LOVE LOVE LOVE this work! Julia, you are such a blessing! I don’t know what I would be doing right now if it were not for this group and your teachings. Actually, I DO know what I would be doing, and it would be not be birthing a better me. So thank you!
I totally can rely with your experience with food -Thank you for putting it out there. Sending you love and good energy in your journey!
oh my! I just shed a little tear :) How great to see this. It was my practice and honestly I just loved gates of love and fullfillment. It seemed to be perfect timing for where I was in my practice. Somehow the wine cravings disappeared and now the coffee craving is disappearing. Going through my schedule last night I realized a little more fully why I was perhaps craving the coffee to get through my workday. (it always seems to be only on my work days not my days off that I want coffee).
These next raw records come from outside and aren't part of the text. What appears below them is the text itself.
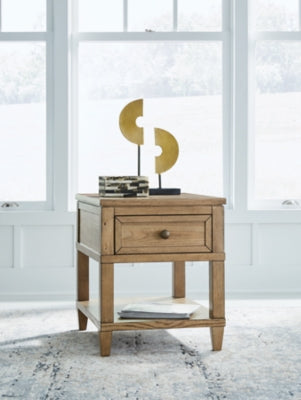 Mesa auxiliar Sharlance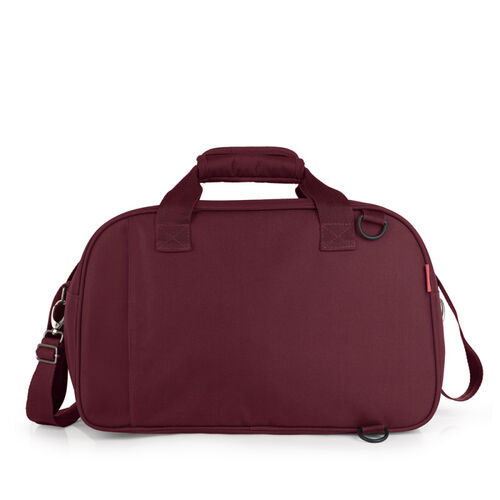 BOLSO MOCHILA WEEK BURDEOS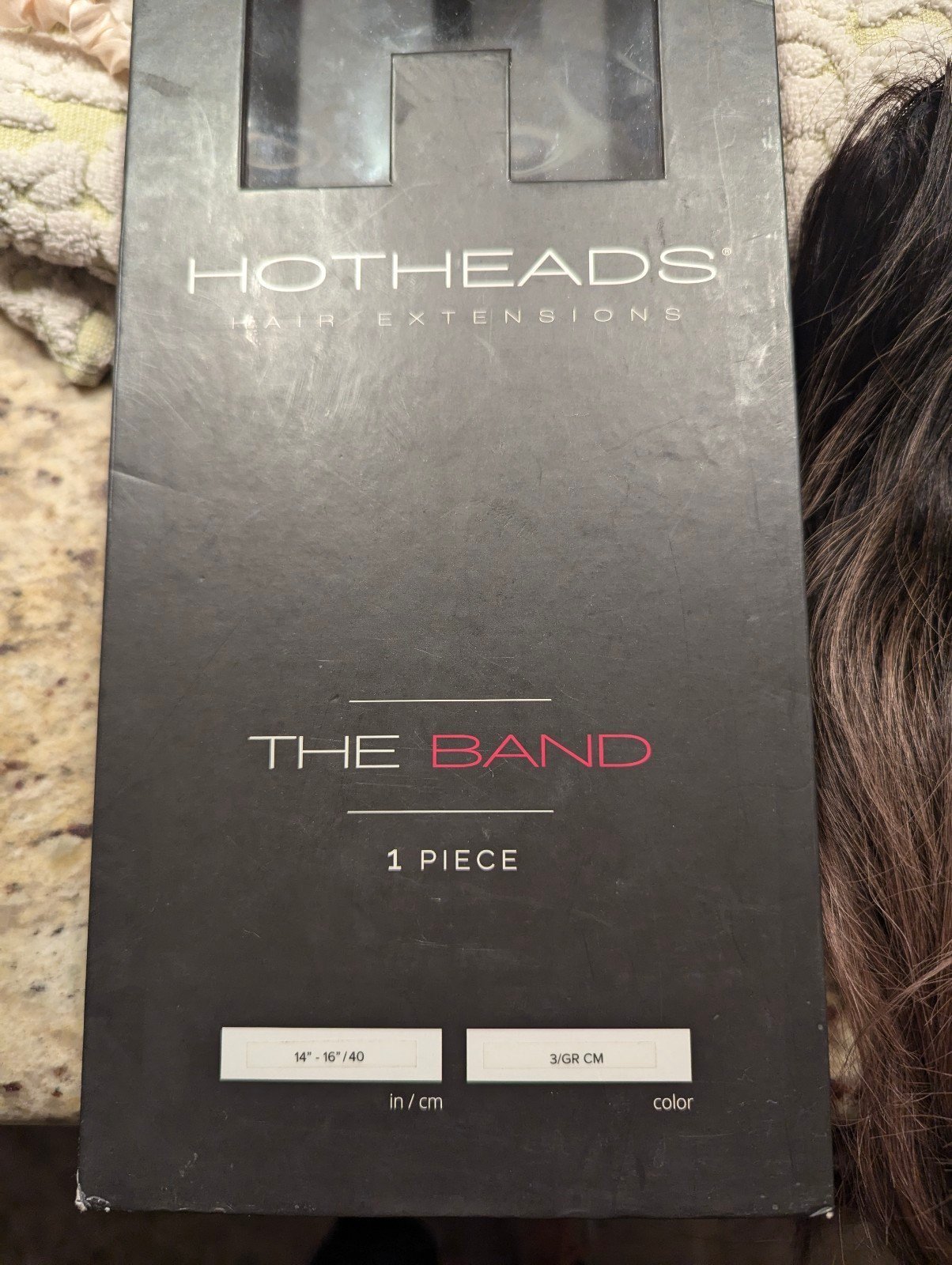 hair extensions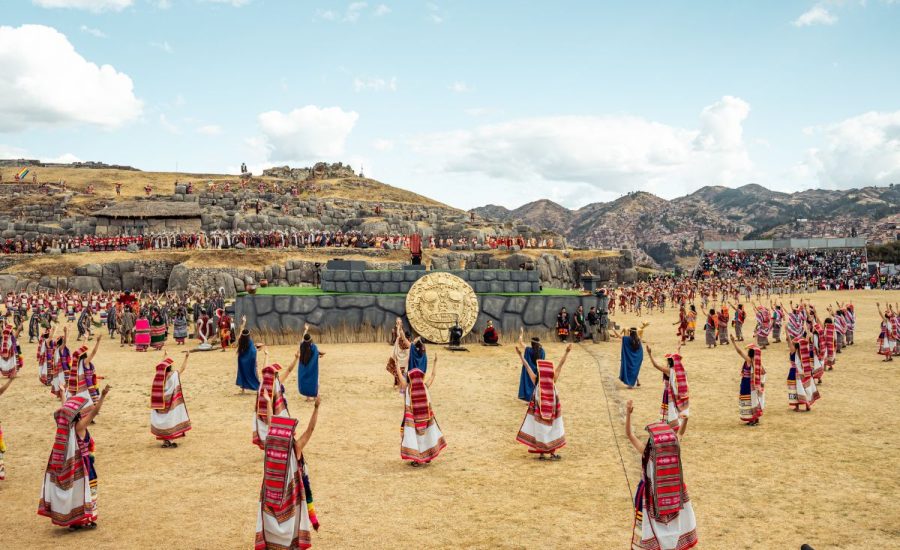 inti raymi full day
I thank you for your help Julia and the support here at FH. It has helped me find my way back to myself. I will come back with my homework later but one epiphany I realized is I love animals. I love all animals: petting them, holding them, singing to them. My husband and I have 3 dogs… I love every single one. They give us great joy and one thing I LOVE to do when I get home from work is walk my dogs in our lovely large yard. I think that is more nourishing to myself than drinking a glass of wine to unwind from work. Not that I am busting on wine but I know alcohol is not the best fertility drug and I used to give myself such a hard time for not giving it up before. However that craving seemed to disappear. I will be back later with homework but I am focusing on where I can find Joy and fun. Also a little passion. Hearing Julia talk last night about how it fueled her spirit to go to those resolve meetings and helped her with wanting to write her book – I want to feel that again too. I need to find where my passion is or where I can direct it to. The call was lovely last night – thanks to all the FH sisters and our great teacher!
Food is a really big one for me. I think I’m starting to learn that when my orphans take the wheel they drive straight into the fridge!